Old hamlet still alive and working

Our Lady of the Fields, and a palazzo in the background

But in the last minute I overplay my hand and, in just ten miles, suddenly I descend to the vast and unappealing countryside of Lot-et-Garonne department. One of those warm valleys (temperature has rised six degrees), busy and not too pleasant.

Enticing Hostel du Pont, Vézière valley

Medieval hamlet in Vézière valley

By mid afternoon I was already done with my daily mileage, so I could have stayed at any of the nice lodgings I went past; but because I wanted to stretch out the stage, when I realize where I’ve got into, it is too late to break. My fault. To think that I’ve left behind a handful of alluring, peaceful and delightful places! I should have guessed, though, when checking the map before and seeing that these roads are not winding. But what’s done is done, and I don’t mean to go back.

And since most hotels around here are closed, finding accommodation has not been easy, either. I’ve spent one hour only just checking. Crisis must have stricken hard this area. The first town I tried in – an ugly and smelly one – had no lodgings whatsoever (which was in fact a relief).
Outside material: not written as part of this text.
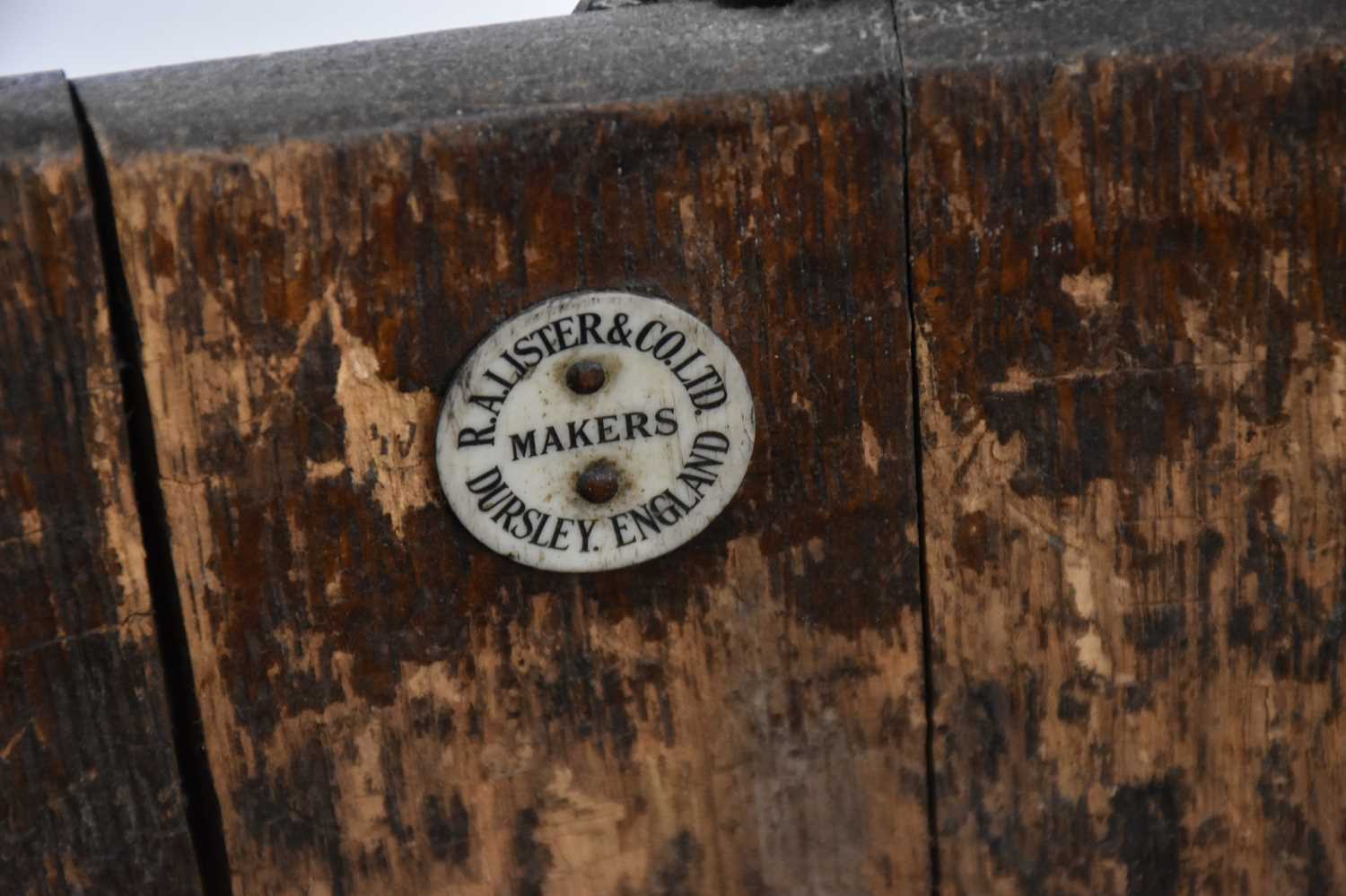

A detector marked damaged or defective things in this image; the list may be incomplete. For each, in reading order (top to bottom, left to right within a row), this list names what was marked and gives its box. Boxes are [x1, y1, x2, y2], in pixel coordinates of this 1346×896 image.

rusty rivet [563, 358, 606, 393]
rusty rivet [576, 460, 622, 503]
In the next one, where my smartphone and road signs said there are five hotels, it turns out they’re all all shut down. Finally I’ve come to Villeneuve-sur-Lot, not too bad a town after all, but no match for the ones I left behind earlier. I’m staying at a little hotel in a quiet neighbourhood, by a square with almost no traffic; but as the guests in the upper room are noisy and the floor is wooden, let’s see how I sleep. Reception is a tiny cubicle hardly deserving that name, and rather looks like a wardrobe. The receptionist is also short, merry, tipsy, smelling of alcohol.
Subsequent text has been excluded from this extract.